Cuando ya hay catarata, opacidad del cristalino o una pérdida funcional importante de la visión cercana y lejana, el reemplazo de cristalino con lente intraocular puede tener más sentido que realizar LASIK. La recomendación cambia según cada caso y debe priorizar la salud ocular a largo plazo, no solo la graduación actual.
Qué estudios definen la mejor alternativa
Una valoración seria de cirugía refractiva va mucho más allá de leer letras en una pantalla. La exploración debe incluir agudeza visual, refracción, presión intraocular, dilatación pupilar y revisión del fondo de ojo. También se evalúan la córnea, el cristalino, la superficie ocular y, cuando se considera un lente intraocular, las dimensiones internas del ojo.
En pacientes candidatos a LASIK, los estudios corneales son decisivos. Una córnea aparentemente normal puede mostrar señales tempranas de queratocono o irregularidad en la topografía. Detectarlo a tiempo evita indicar un procedimiento que podría ser riesgoso.
Si se estudia la posibilidad de un lente fáquico, se revisa particularmente el endotelio corneal. Estas células mantienen la transparencia de la córnea y no se regeneran en cantidad significativa. Su evaluación es parte esencial de la seguridad a largo plazo.
En Córnea, la valoración refractiva se aborda con atención especial a la estructura y salud corneal. Esto es particularmente relevante para pacientes con antecedentes de ojo seco, uso prolongado de lentes de contacto, alergias oculares, queratocono, cicatrices o cirugías previas.
Recuperación, resultados y riesgos reales
La recuperación después de LASIK suele permitir una mejoría visual temprana, aunque la visión puede fluctuar y el ojo seco temporal es relativamente frecuente. Durante la adaptación se indican gotas, protección ocular y revisiones programadas. Algunos pacientes pueden experimentar halos o deslumbramiento nocturno, sobre todo al inicio.
En los lentes intraoculares, el periodo de recuperación depende del tipo de implante y de la cirugía realizada. Como se interviene dentro del ojo, el seguimiento postoperatorio es fundamental para vigilar inflamación, presión intraocular, posición del lente y evolución visual.

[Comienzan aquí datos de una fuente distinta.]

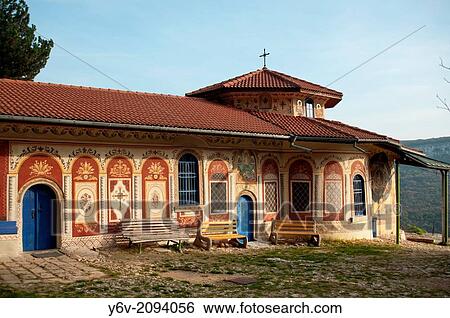 Stock Photograph - Church in the Preobrajenski orthodox monastery ( Bulgaria).. Fotosearch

Los riesgos son poco frecuentes cuando existe una selección adecuada, pero deben explicarse de forma individual y sin minimizarse.
En ambos tratamientos, el objetivo no es prometer una visión perfecta en todos los escenarios. Es reducir la dependencia de corrección óptica con el mejor equilibrio posible entre calidad visual, seguridad y estabilidad.
Cuando la córnea requiere prioridad
Si hay queratocono, cicatrices corneales, edema, úlceras previas, pterigión significativo o cambios en la forma de la córnea, primero debe tratarse o estabilizarse la enfermedad de base. En ciertos pacientes, ni LASIK ni un lente intraocular serán la primera recomendación.
Por ejemplo, una persona con queratocono puede requerir estudios especializados, lentes de contacto especiales, cross-linking u otro manejo antes de pensar en una corrección refractiva. Forzar una decisión estética o funcional sin controlar el padecimiento puede afectar la visión y limitar opciones futuras.
La mejor cirugía comienza antes del quirófano: con un diagnóstico completo, expectativas claras y una recomendación que cuide la córnea y la visión a largo plazo. Si está considerando dejar los lentes, una consulta de alta especialidad permite saber con precisión si LASIK, un lente intraocular o un tratamiento distinto es la opción adecuada para sus ojos.